While the world of wine and food pairing is vast and complex as it stands, there is now a growing trend in Europe to pair wine with cigars…so whether you’re a neophyte or an appassionato, here are some enterprising ideas.
The classic and most acclaimed combinations are Cuban or Tuscan cigars with sparkling whites or distillates and liqueurs, such as calvados (an apple brandy), whiskey, rum or cognac, working to combine the strong aromas of the alcoholic drink of choice with the peat, smoked or coffee flavors of the cigar itself. A closer look at how cigars are being enjoyed today in Italy shows us a fresh approach to an old tradition.
The most loved Italian cigar is the Toscano, which is produced in Lucca, Tuscany, by Manifatture Sigaro Toscano. That general family name covers several industrial made brand variations, which have decidedly fuller flavors, and some special hand made versions, with lighter, purer and more persistent flavors, like the Garibaldi, Modigliani or Soldati, all of which carry the name of some of Italy’s best known historical personalities.
As a first combination I suggest a Sigaro Toscano called il Moro, hand made and aged 12-18 months, matched with a vintage 2007 Chianti Classico DOCG "Castello di Brolio" by Ricasoli, which has great aromatic complexity. The chocolate, coffee and spices on the palate go well with the quiet yet strong flavor of il Moro, and the elegant tannins of this Chianti prevail with a long finish.
If you like a lighter cigar, I suggest a Toscanello Aroma Vaniglia, one of the most widely known Italian cigars, with a nice balance of spicy and sweet (and appreciated also by women), matched with some high quality "bubbly", like the Prosecco DOC Treviso or Spumante Rosato "Il Fresco" by Villa Sandi. To the eye, the Villa Sandi's Rosato has light pink and bright nuances from the use of the grape skin in the fermentation process. Fruity and floral to the nose with delicate notes of golden apple and mountain wildflowers, it compliments the vanilla of the cigar perfectly. The Prosecco, with its sparkling dry, fresh and fruity taste and a harmonious aftertaste, it goes very nicely too with a Toscanello Vanilla – a perfect combination for a toast, a way to relax after a successful meeting, or just a fun date.
If you are not ready to match cigars with wine, but are looking for something unique and international, you can try a Romeo Y Julieta, a type of cigar produced both in Cuba (by Habanos SA) and in the Dominican Republic (by Altadis SA, a division of Imperial Tobacco), with a very special Italian brandy, precisely a vintage 1988 of "Antico Brandy Italiano" con selezione di tabacco toscano, aged 21 years, by Villa Zarri. This is not simply a brandy, but it is sometimes considered a refined "tobacco drink", because of the use of Tuscan grown tobacco leaves in the distillation process. It has sweet notes of raisin, vanilla, barley and licorice in the nose. Also present are hints of date, rosewood and an echo of smoking tobacco. The palate is then pervaded by intense tones of Tuscan cigar, raw leather and black pepper. This brandy demands an excellent cigar, whether Cuban or Tuscan is your preference.

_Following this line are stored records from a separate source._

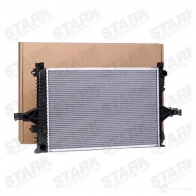 Радиатор охлаждения двигателя STARK KPE M6 skrd0120238 1437771453 - Изображение 2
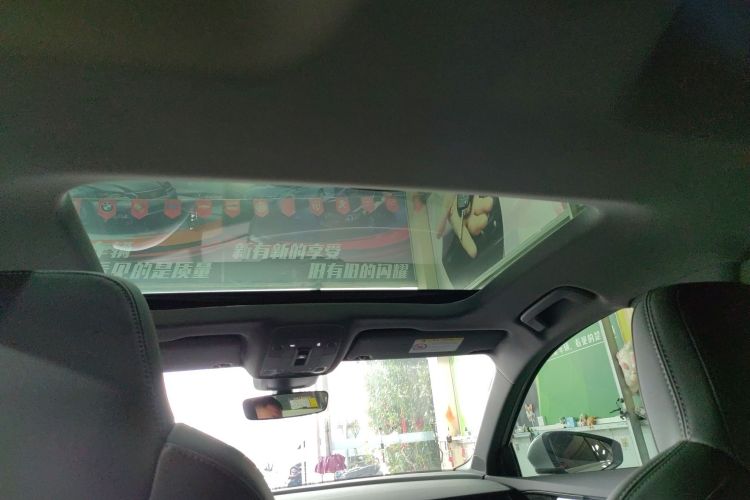 奥迪A3 2024款 A3L Limousine 35 TFSI 时尚运动型中控内饰22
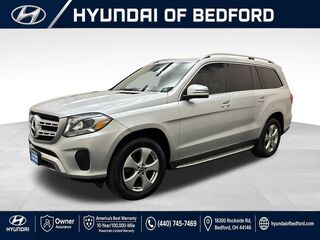 2019 Mercedes-Benz GLS GLS 450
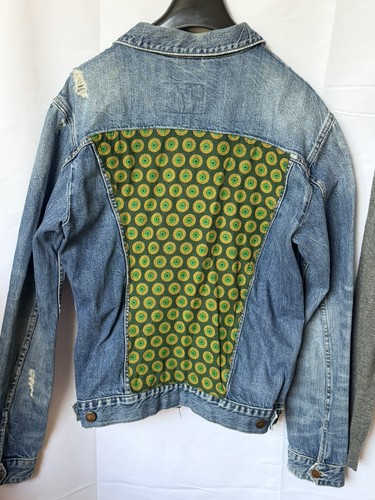 Veste jean sandro - jean,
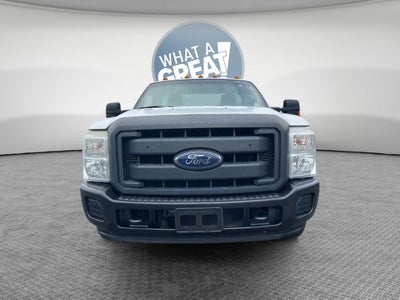 2014 Ford F-350SD XL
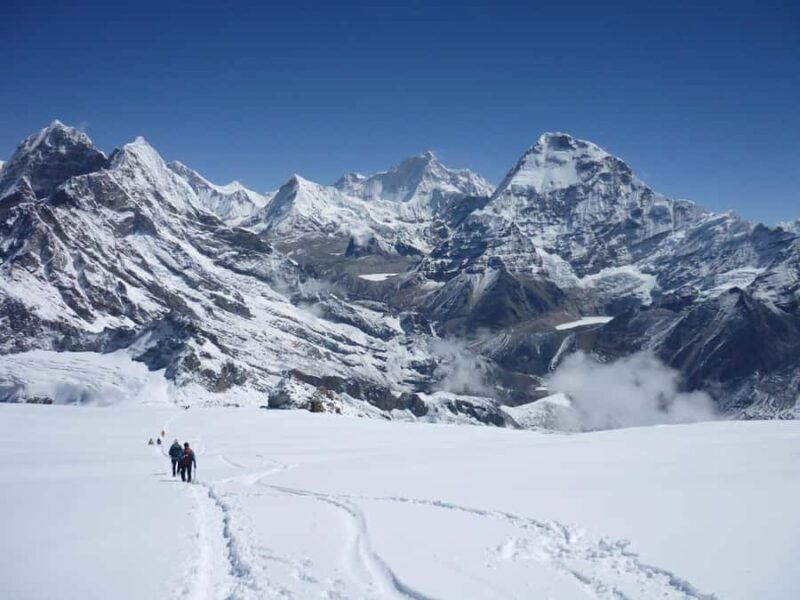 Kathmandu: Mera Peak Climbing Expedition with Guide - Authentic Cultural Encounters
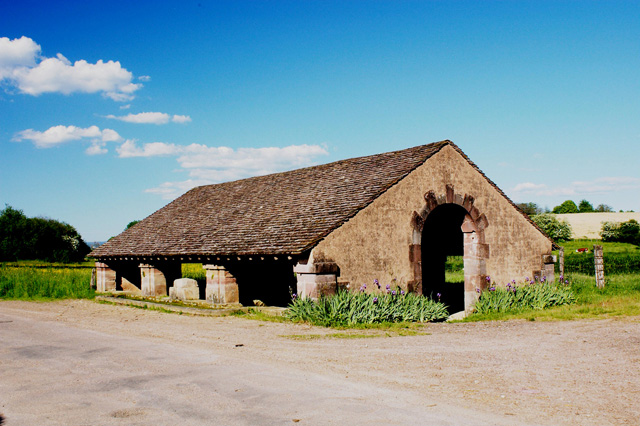 Lavoir de Villers-lès-Luxeuil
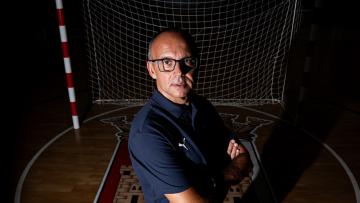 Carlos Machado é o novo treinador da equipa de futsal feminino do SC Braga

A very bold combination is a Cohiba cigar, the name that Cuban Indians gave to tobacco (and which today indicates both a line of products by Habanos SA in Cuba and one by the General Cigar Company in the Dominican Republic), matched with a powerful, smooth Italian grappa, like "Grappa 10th" Torbata Selezione Riserva by Centopercento (which means 100%). Elegant and complex, the sharp smell of smoke is accompanied by sweet notes of dried and ripe fruit. Taste is full and round, as the floral, spicy and fruity aromas blend on the palate, leaving a feeling of depth. Date, nut, carob, tobacco, vanilla and cinnamon aromas meet in this perfectly Italian distillate.
And beer lovers can take heart too, as some in Europe are now enjoying their cigars with a beer. It might seem strange, but some beer can stand up to say a Toscano 1492 Anno Domini cigar. The beer we suggest with this is called Ghisa, and is produced by Birrificio Lambrate, an artisanal micro brewery in Milan. To the nose it is characterized by toasted coffee beans and smoked aromas, while the taste hints at licorice and a pleasant essence of braised prune. The aftertaste of this beer reveals various dried fruits and nuts in succession: carob, walnut, hazelnut and cassia, along with a pleasant strong finish, just right with a Toscano 1492.
So now, if all these different pairings have aroused your interest, why not try a course to become a catador, or cigar taster, and you can unite two very nice Italian passions, as wine and cigars?